■ EXERCISE REQUIREMENTS ■
All of the listing is to be written out word for word, with the pictures left out.

BEGIN DATA LISTING

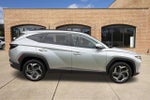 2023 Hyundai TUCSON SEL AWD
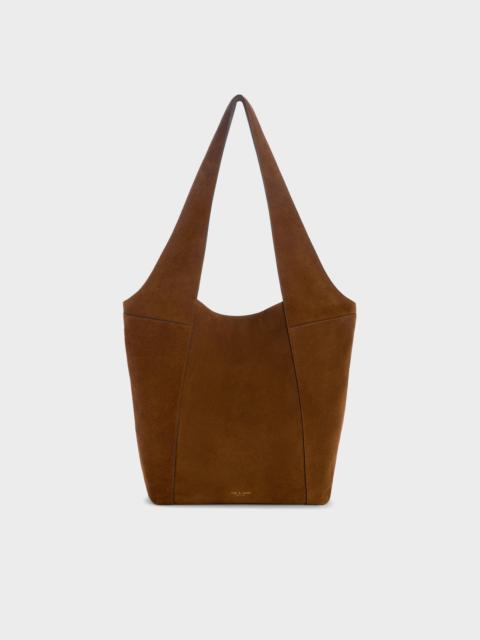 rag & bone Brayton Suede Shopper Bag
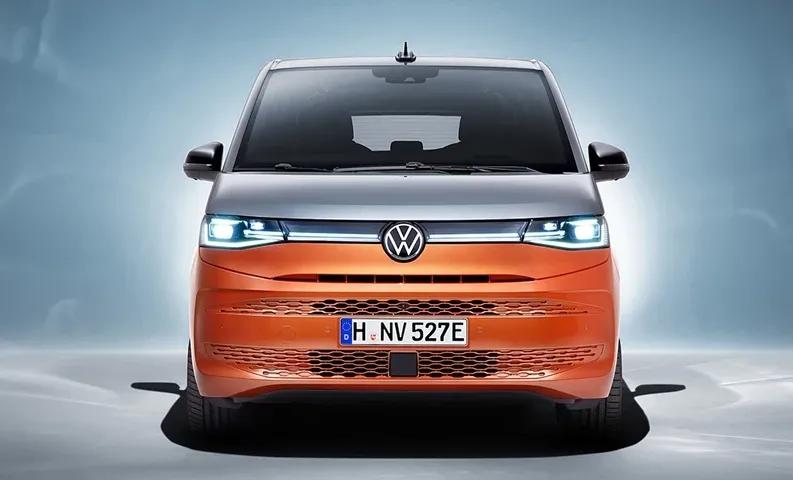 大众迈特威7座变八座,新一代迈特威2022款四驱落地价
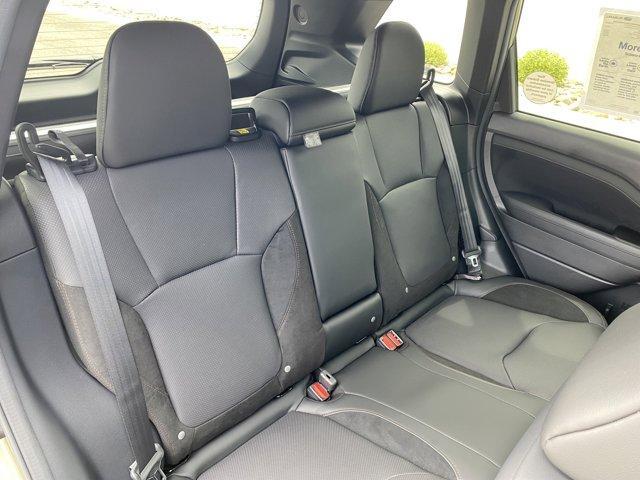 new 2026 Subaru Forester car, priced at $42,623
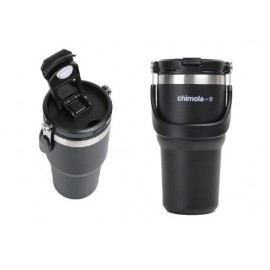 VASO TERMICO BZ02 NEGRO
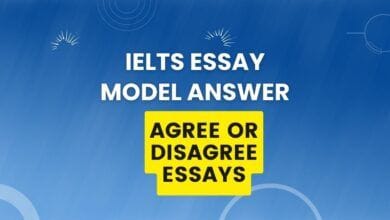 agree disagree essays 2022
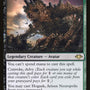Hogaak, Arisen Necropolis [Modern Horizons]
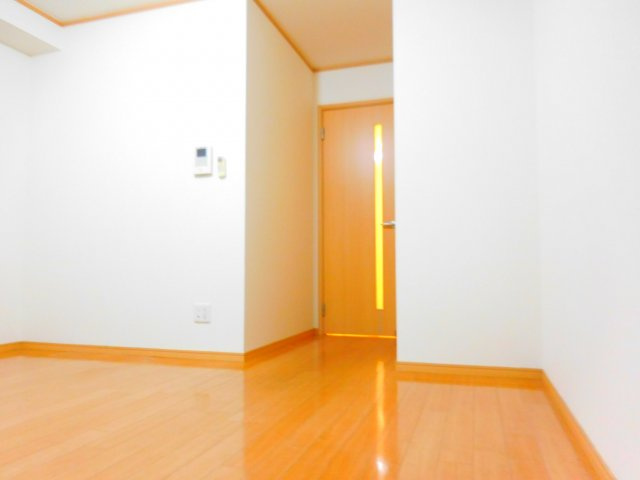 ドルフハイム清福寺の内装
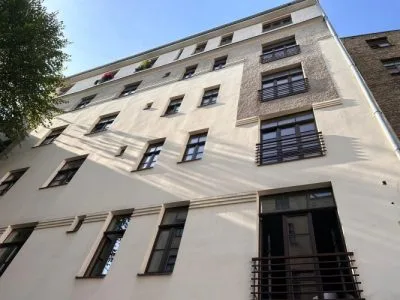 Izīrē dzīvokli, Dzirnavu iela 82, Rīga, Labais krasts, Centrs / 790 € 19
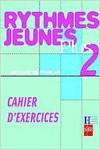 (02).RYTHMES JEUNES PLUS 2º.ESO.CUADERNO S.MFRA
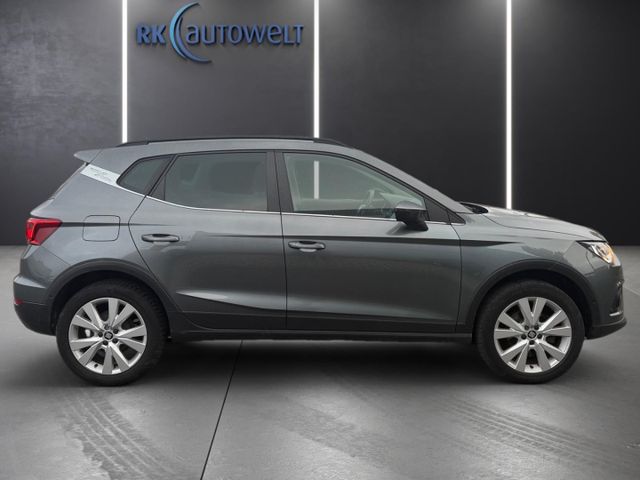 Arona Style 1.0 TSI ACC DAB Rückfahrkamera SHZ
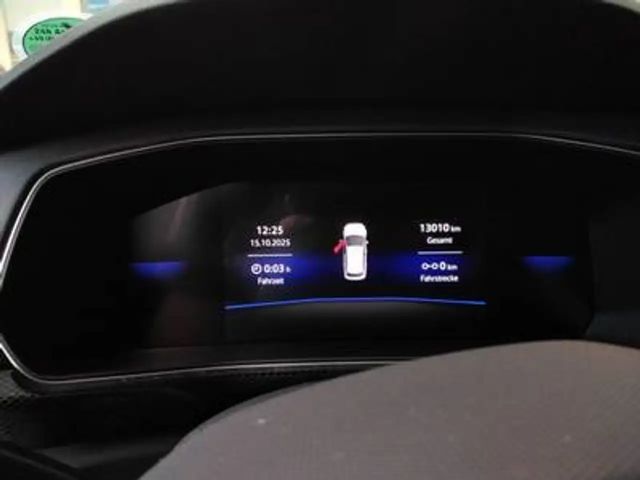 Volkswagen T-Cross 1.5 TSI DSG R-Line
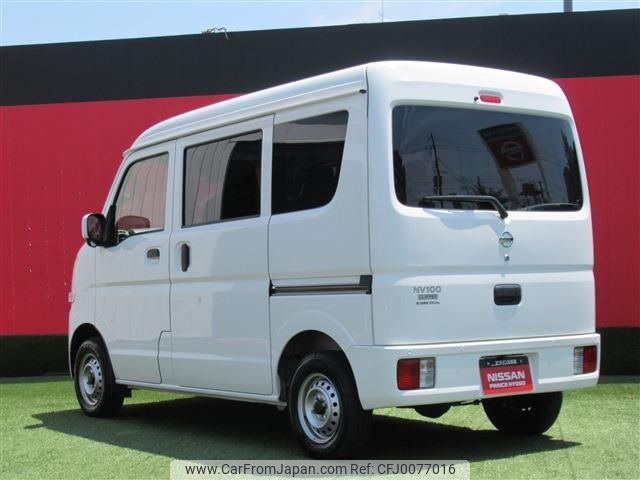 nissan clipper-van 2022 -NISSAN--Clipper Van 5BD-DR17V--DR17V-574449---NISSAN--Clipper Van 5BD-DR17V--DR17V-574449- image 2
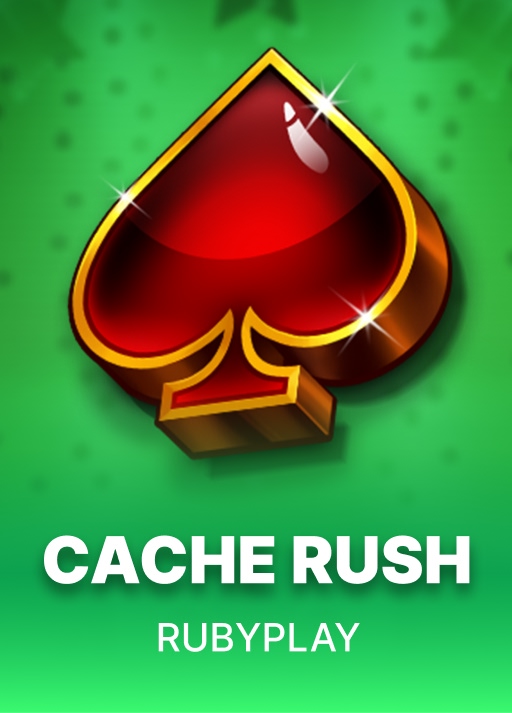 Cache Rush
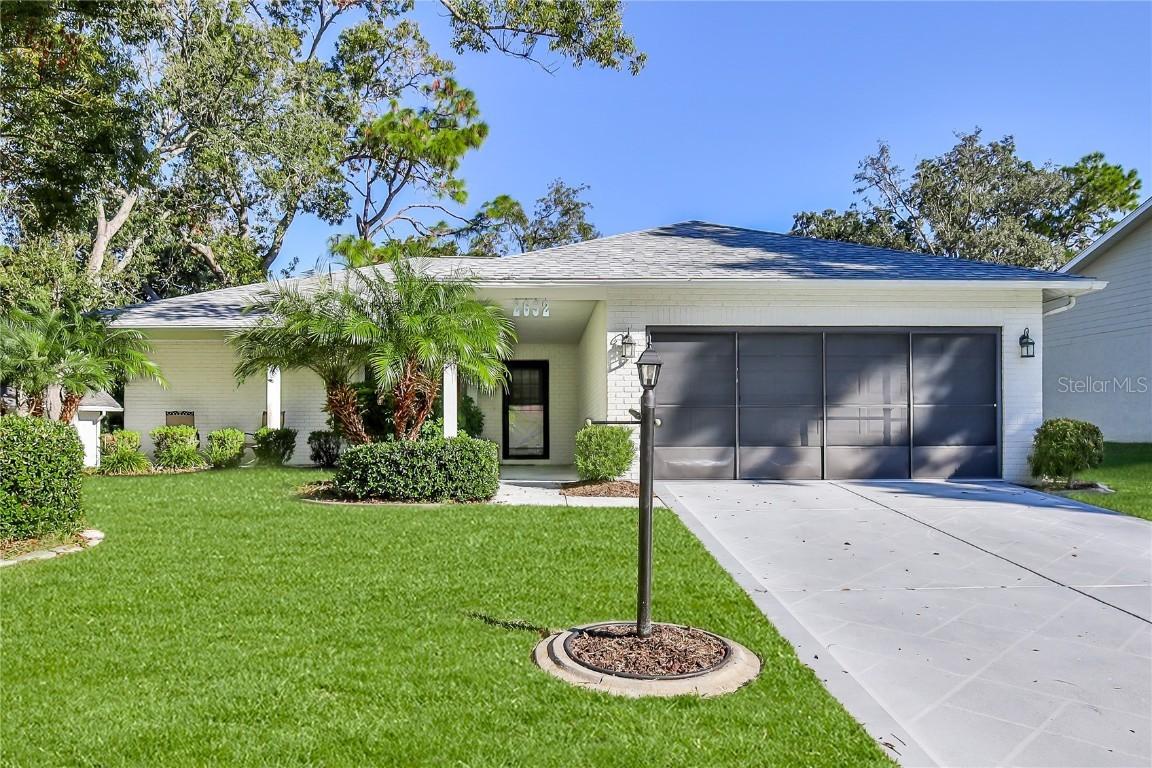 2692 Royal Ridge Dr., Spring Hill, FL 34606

END DATA LISTING

■ OUTPUT FOR THIS EXERCISE ■
 2023 Hyundai TUCSON SEL AWD
 rag & bone Brayton Suede Shopper Bag
 大众迈特威7座变八座,新一代迈特威2022款四驱落地价
 new 2026 Subaru Forester car, priced at $42,623
 VASO TERMICO BZ02 NEGRO
 agree disagree essays 2022
Hogaak, Arisen Necropolis [Modern Horizons]
 ドルフハイム清福寺の内装
 Izīrē dzīvokli, Dzirnavu iela 82, Rīga, Labais krasts, Centrs / 790 € 19
 (02).RYTHMES JEUNES PLUS 2º.ESO.CUADERNO S.MFRA
 Arona Style 1.0 TSI ACC DAB Rückfahrkamera SHZ
 Volkswagen T-Cross 1.5 TSI DSG R-Line
 nissan clipper-van 2022 -NISSAN--Clipper Van 5BD-DR17V--DR17V-574449---NISSAN--Clipper Van 5BD-DR17V--DR17V-574449- image 2
 Cache Rush
 2692 Royal Ridge Dr., Spring Hill, FL 34606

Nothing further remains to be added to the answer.